J. Enoch Powell MBE (16 June 1912 – 8 February 1998)

Text of address to The National Conference of The Prayer Book Society held at Trinity Hall, Cambridge on 10th September 1983

It was the sound of church bells and the language of the Book of Common Prayer, heard almost 36 years ago now across the Aleian plain of atheism, which recalled me home, gently yet imperiously, to the Church. I have needed therefore no prompting or persuasion to take my place in defending against its powerful and determined opponents the liturgy of the Church of England as by law established in 1558 and 1662. And as a ranker in the army of the Book of Common Prayer, I am singularly fortunate and happy to be called to address you this morning.
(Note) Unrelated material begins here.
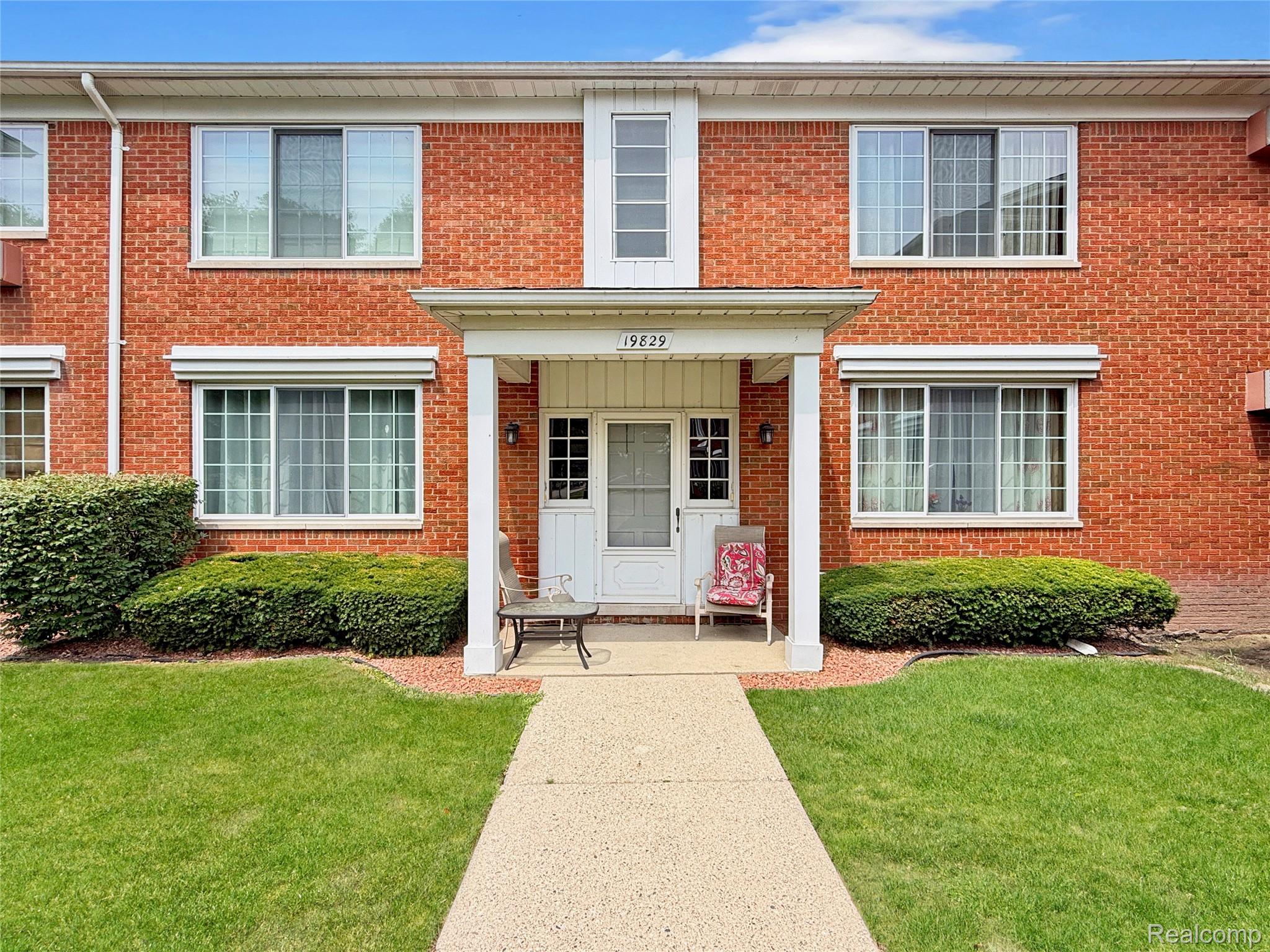 19829, Arthur, #141, Harper Woods, Michigan, 48225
I want to share with my fellows here in the same cause an anxiety which repeatedly assails me. It is the anxiety that we are given to understating our cause, or, to be more precise, founding it upon grounds less exalted and less substantial than those which are capable of sustaining it. In decisive engagements it is the main forces that must be committed. This it often seems to me we are reluctant or afraid to do. Why, can perhaps be explained, and is, in due course, worth examining; but explanation is not justification. It is easy to extol the Book of Common Prayer linguistically and literarily. Its superiority in beauty of language and power of diction over the alternatives in the field against it all to effortlessly demonstrated. The consequence is that we often seem to rest content with that demonstration, as if the argument were thereby ended—at least, for all with ears to hear and emotions to be stirred. We drift thus into the easy option of conservationism: here is a thing of beauty, we say, a fair inheritance, so let us preserve it. The argument is all right so far as it goes; but it goes scarcely any distance.

The efficacy of the Book of Common Prayer consists in its being archaic and in its being prescriptive. Such is the thesis I put forward; and I assert further that on no lesser grounds ought the case of the Book of Common Prayer to be rested.

When the liturgy in English replaced the Latin liturgy, it replaced a language that was not only was no longer spoken but had not been a live tongue even in its native land for over a thousand years. It was, in most senses of the word, a dead language, but a dead language which was hieratic, the language of prescribed ritual and customary worship. It was not for the most part particularly good or beautiful Latin—Cicero would have found it excruciating—but it had ben used immemorially and the Western Church had known no other. Those words in that language, and no other words in any other language, were efficacious.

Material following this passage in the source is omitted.